AuthorMisher, Norman J.

Section 409A of the Internal Revenue Code of 1986 requires that nonqualified deferred compensation plans meet specific requirements relating to the timing of deferral elections, the time and manner in which distributions may be made, and the circumstances under which amounts previously deferred may be either further deferred or accelerated. If these requirements are not met, the amount deferred is generally included in the income of an employee in the year in which the employee became vested in the right to receive the compensation, a 20-percent additional tax is imposed on that income, and an interest charge may also be imposed.

In April 2007, the Internal Revenue Service issued final regulations under section 409A that address many (but by no means all) of the questions that have arisen regarding the application of the complex provisions of the statutory provision to deferred compensation plans. The final regulations are effective on January 1, 2008, and, thus, all deferred compensation plans subject to section 409A must be in full compliance by the end of this year. This article provides an overview of key topics covered by the final regulations, with a particular focus on issues that were not addressed, or that were addressed differently in the notices and proposed regulations that preceded the final regulations.

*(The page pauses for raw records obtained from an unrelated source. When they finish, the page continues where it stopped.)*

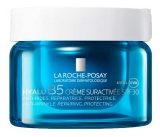 La Roche-Posay Hyalu B5 Crème Suractivée Anti-Rides à l'Acide Hyaluronique SPF30 50 ml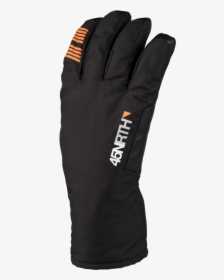45nrth Sturmfist 5 Bike Gloves, HD Png Download, Transparent PNG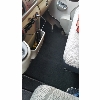 Фотография ковриков для Renault Master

Nonqualified Deferred Compensation Plan

A nonqualified deferred compensation plan under section 409A means any plan that provides for a deferral of compensation. Thus, section 409A deferred compensation plans are not limited to arrangements between employers and employees. (1) Section 409A also applies to arrangements between a corporation and one or more of its outside directors or independent contractors.

The final regulations provide that whether a plan provides for deferral of compensation is generally determined at the time the employee obtains a legally binding right to compensation under the plan. The determination that a plan constitutes a deferred compensation plan is not affected by a retroactive change to the plan to characterize the employee's right as one that does not provide for the deferral of compensation.

The final regulations provide that the following plans are not subject to section 409A:

* Qualified employer plans, such as 401(k) plans, pension plans, and tax deferred annuities.

* Certain welfare benefit plans, such as bona fide vacation leave, sick leave, compensatory time, disability pay, and death benefit plans.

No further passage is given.